In stark contrast to the overall drop in crypto prices, the market for non-fungible tokens (NFTs) launched off 2022 with brisk purchases in January, situation insiders say can be summed up in one word: decoupling.
According to the numbers, LooksRare and OpenSea, two of the most popular NFT marketplaces, recorded record sales in the month of January, totaling US$12 billion. At the same time, the crypto market’s total capitalization fell by nearly 25% in the same month, to around US$1.6 trillion.
Although it may appear contradictory that an asset purchased and valued in cryptocurrency becomes detached from cryptocurrency values, one industry official explained that it represents different consumer profiles and wants. The potential of blockchain was recognised by Wall Street, which ventured into crypto markets, but the normal NFT trader is not part of that environment. This split also points to NFTs being a speculative hedge against the broader crypto markets.
According to CryptoSlam data, there were 770,000 unique NFTs buyers in January 2022, up about 2,500% from the 30,000 reported in January 2021.
Is the NFT scenario still the same?
To put it bluntly, no. The NFT space seems to be going through a slight hiccup.
Following a phishing assault that resulted in dealers losing as much as $3 million, activity on OpenSea, the world’s largest marketplace for digital collectibles, plummeted.
According to analytics source DappRadar, trading in nonfungible tokens has decreased in recent days.

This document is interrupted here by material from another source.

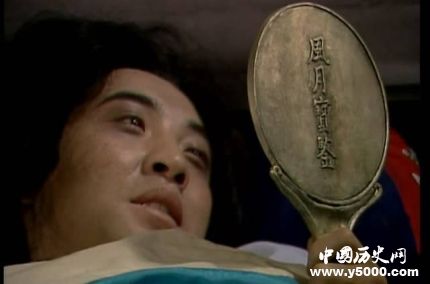 紅樓夢(mèng)賈瑞照鏡子之死賈瑞和王熙鳳賈府的關(guān)系是怎樣的？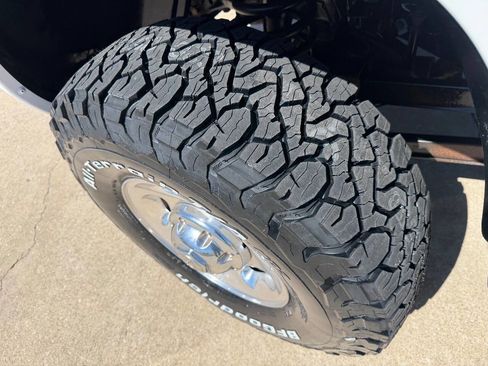 Used 2006 Dodge Ram 3500 Truck SLT image 38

According to the site, OpenSea’s seven-day trading volume was down 37% as of Tuesday.
The crisis on the Ukraine-Russia border, has created a lot of panic among investors, as well as collectors. This development has not only affected the crypto space, but also the stock markets, which too, is on a down trend.
According to data from Dappradar, NFT’s aren’t booming as much as they were in the beginning of the year.